Sabine Plöger studied journalism and communication sciences, art history and modern German literature at the Westfälische Wilhelms-Universität Münster and at the Freie Universität Berlin. She wrote her master’s thesis on the subject “Problems in the presentation of Christian collections using the example of the Speyer cathedral treasury”. In 2005 she received her Magister artium. In 2006/2007 she worked as a research assistant for the Stiftung Saarländischer Kulturbesitz. There she played a major role in the organization of the exhibition “A holy place. Roman religion and shrines in the Saarland” at the Museum für Vor- und Frühgeschichte. Currently she is writing her doctoral thesis on current stagings of ancient spaces in museum contexts within the Topoi research group CSG-IV Museums (research area E).
Thomas Macho is professor of Cultural Theory and History at the Humboldt-Universität zu Berlin. He worked on the philosophy of music, on the metaphors of death and on issues in cultural history. Thomas Macho co-founded the Hermann von Helmholtz-Centre for Cultural Techniques at the Humboldt-Universität and was spokesperson of the DFG-Research Group »Bild – Schrift – Zahl«. Since 2009 he has been member of the scientific advisory board of the International Research Institute »Morphomata – Genese, Dynamik und Medialität kultureller Figurationen« at the University of Cologne. Within Topoi, Thomas Macho is involved in the Cross-Sectional Group II ‘Histories and Genealogies of Culture Theories.’
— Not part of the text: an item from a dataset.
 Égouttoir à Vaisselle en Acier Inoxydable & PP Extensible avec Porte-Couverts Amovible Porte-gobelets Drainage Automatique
Hartmut Böhme is Professor for Cultural Theory and the History of Mentalities at the Humboldt-Universität zu Berlin. After his dissertation on Robert Musil in 1973, he worked as a professor for Modern German Literature at the Universität Hamburg from 1977 onwards. Between 1990 and 1992 he was a Fellow at the Institute for Advanced Study in the Humanities Essen. In the years 1996, 1998 and 2008 he worked as visiting professor in the U.S. and Japan. His pioneering studies helped to position Cultural History and Theory within the “concert of disciplines”. From 2009 until 2010 Böhme was a Fellow at the International Research Institute for Cultural Technologies and Media Philosophy in Weimar, he was awarded the Hans-Kilian-Award in 2011. As a founder and coordinator of the Collaborative Research Centre 644: “Transformations of Antiquity” he has contributed significantly to all aspects of the afterlife of antiquity and the pivotal role these ideas played in the construction of the cultural canon. With Iris Därmann he has founded the CSG-II within TOPOI which could thus profit from his expertise in the history of cultural theory and the reception of antiquity.
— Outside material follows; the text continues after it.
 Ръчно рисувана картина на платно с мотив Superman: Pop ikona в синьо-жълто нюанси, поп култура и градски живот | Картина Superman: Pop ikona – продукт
His further research interests include: the theory of space, the history of knowledge, and the correlation between literature and visual art. Alongside his research on the cultural history of nature and the elements, the anthropology of the senses and emotions, Hartmut Böhme took an alternative stance on the history of Modernity in the form of a highly regarded study on the history and theory of fetishism.